If President Hosni Mubarak is brought down, it will be by Islamic extremists. That movement is driven in part by an oversized U.S. presence in Cairo, and corruption of Cairo’s bureaucratic elite by U.S. aid dollars. If Egypt becomes a second Iran, foreign aid will be a primary cause.
As for Israel, this is 1995, not 1967. She has made peace with Egypt, Jordan, the PLO. Iraq’s military was smashed in the Gulf War. Syria has lost her soviet arms supplier. Saudi Arabia has come down with the fundamentalist fever.
As for that $5 billion we send Israel and Egypt every year, it is more money than Ronald Reagan ever spent, in any single year, for SDI, a missile defense for the U.S. If national security is our concern, would it not make more sense to shift that $5 billion into a land-and-space-based missile defense for our own country, and all our allies?

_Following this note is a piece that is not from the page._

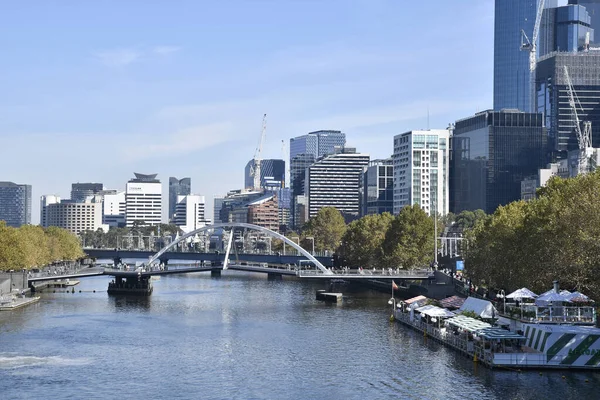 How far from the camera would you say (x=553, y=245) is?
86938 mm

Foreign aid “can only be spent in countries committed, I repeat, committed, to the road to free-market reform,” declared McConnell. But, according to the excellent Index of Economic Freedom — just released by the Heritage Foundation — neither Israel nor Egypt really qualifies. Economically, both nations are ranked in the Index as, “Mostly Not Free.”
With a 50 percent personal tax rate, a 45 percent corporate rate, a value-added tax of 17 percent, and the state controlling 52 percent of the economy, Israel is a deeply socialized country. And Egypt makes Israel look like Hong Kong according to the Heritage index, Egypt’s public sector is “massive and inefficient”; the personal income tax hits 65 percent, and the corporate and capital-gains taxes top out at 40 percent. Aid dollars from Middle America are sustaining socialism in the Middle East.
Now, Egypt and Israel are friends. But we do friends no favor by putting them on the welfare rolls, which is what foreign aid is. It creates dependency, breeds corruption, corrodes honest relations, and bloats government at the expense of the private sector.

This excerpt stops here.